What is required:
Begin at the line below that has "HEMINGWAY BAY - Residential" and stop after the line that has "Kia K4 2025". Please restate only those lines, word for word.

[Records from a data source]
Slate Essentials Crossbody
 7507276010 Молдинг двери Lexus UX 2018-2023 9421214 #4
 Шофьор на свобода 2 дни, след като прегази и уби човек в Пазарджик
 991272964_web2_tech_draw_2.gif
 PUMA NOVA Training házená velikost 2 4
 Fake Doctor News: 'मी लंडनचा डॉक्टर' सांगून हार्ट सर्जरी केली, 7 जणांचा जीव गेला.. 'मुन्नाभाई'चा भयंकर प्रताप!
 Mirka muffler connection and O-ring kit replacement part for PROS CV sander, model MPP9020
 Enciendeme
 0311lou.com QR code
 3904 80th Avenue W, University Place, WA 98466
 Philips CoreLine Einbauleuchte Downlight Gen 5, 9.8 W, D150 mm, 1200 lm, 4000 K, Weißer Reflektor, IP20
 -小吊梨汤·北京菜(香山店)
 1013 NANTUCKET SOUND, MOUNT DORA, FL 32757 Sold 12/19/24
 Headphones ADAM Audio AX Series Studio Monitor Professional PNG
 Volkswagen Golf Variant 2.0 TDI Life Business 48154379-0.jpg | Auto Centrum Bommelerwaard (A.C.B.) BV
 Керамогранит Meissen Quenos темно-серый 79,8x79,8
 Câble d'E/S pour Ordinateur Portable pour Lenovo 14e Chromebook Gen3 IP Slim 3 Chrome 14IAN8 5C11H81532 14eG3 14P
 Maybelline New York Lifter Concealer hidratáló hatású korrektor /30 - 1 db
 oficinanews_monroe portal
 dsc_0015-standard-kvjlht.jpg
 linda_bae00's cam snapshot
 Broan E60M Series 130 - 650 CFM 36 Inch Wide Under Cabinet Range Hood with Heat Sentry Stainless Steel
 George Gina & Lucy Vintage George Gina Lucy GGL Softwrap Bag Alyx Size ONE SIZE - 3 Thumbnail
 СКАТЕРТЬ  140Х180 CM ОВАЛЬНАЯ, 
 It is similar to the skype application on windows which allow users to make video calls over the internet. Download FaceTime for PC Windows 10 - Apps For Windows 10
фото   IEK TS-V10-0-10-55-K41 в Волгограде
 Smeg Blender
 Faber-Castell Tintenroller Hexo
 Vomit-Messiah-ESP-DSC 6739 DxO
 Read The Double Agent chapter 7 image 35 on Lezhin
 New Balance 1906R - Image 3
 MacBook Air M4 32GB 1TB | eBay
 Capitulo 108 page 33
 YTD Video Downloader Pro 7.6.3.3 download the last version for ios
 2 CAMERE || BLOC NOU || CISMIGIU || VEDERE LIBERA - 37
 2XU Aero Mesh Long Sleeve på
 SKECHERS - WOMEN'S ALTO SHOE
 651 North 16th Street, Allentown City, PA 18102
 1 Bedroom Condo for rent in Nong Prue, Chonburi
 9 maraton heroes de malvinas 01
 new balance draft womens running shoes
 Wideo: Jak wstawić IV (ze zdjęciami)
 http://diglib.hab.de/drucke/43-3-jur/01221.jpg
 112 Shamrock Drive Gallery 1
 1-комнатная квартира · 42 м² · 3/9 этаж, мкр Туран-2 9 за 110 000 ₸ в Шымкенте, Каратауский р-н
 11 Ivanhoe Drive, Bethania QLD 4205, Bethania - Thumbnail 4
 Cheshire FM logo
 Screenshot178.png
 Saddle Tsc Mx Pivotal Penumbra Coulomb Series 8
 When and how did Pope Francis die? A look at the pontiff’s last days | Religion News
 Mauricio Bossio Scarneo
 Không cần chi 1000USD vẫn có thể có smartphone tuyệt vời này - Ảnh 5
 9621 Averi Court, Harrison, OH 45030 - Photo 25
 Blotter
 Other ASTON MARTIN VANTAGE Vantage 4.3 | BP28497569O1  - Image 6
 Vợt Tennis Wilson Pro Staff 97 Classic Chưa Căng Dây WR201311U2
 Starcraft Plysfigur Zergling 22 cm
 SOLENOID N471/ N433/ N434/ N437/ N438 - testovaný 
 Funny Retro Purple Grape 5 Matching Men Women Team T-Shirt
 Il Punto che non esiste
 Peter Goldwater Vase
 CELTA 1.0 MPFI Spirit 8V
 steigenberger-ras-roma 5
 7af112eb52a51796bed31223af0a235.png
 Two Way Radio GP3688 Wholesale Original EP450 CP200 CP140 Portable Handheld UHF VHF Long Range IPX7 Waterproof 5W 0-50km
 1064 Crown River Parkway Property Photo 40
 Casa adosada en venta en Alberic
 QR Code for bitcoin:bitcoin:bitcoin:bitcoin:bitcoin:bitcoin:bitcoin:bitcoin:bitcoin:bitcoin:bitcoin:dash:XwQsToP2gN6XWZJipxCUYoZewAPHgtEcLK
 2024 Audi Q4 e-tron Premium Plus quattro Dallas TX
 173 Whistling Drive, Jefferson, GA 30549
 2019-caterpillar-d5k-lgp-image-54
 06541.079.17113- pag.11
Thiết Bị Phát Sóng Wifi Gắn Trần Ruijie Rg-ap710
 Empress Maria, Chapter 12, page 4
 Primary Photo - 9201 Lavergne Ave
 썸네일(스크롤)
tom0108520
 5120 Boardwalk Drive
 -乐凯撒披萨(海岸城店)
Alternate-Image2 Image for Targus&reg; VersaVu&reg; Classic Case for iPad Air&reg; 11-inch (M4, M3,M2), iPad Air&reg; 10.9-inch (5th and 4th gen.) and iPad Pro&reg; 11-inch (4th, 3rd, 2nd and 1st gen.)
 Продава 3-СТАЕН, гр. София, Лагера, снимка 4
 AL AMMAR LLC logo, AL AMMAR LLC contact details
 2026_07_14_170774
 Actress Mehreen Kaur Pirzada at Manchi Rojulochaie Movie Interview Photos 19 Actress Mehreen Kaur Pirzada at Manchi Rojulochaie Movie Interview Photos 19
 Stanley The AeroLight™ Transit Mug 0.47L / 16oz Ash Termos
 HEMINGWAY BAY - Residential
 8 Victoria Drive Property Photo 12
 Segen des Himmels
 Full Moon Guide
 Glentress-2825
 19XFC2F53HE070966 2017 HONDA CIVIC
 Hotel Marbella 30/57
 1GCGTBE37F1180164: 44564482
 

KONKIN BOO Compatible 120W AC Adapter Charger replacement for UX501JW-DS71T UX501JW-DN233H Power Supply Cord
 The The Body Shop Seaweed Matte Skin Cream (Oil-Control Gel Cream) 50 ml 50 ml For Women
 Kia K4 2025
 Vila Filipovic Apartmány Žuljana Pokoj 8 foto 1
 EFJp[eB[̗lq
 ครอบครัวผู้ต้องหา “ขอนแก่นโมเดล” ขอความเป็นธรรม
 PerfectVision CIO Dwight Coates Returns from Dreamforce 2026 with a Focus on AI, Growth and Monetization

Written solution:
 HEMINGWAY BAY - Residential
 8 Victoria Drive Property Photo 12
 Segen des Himmels
 Full Moon Guide
 Glentress-2825
 19XFC2F53HE070966 2017 HONDA CIVIC
 Hotel Marbella 30/57
 1GCGTBE37F1180164: 44564482
 

KONKIN BOO Compatible 120W AC Adapter Charger replacement for UX501JW-DS71T UX501JW-DN233H Power Supply Cord
 The The Body Shop Seaweed Matte Skin Cream (Oil-Control Gel Cream) 50 ml 50 ml For Women
 Kia K4 2025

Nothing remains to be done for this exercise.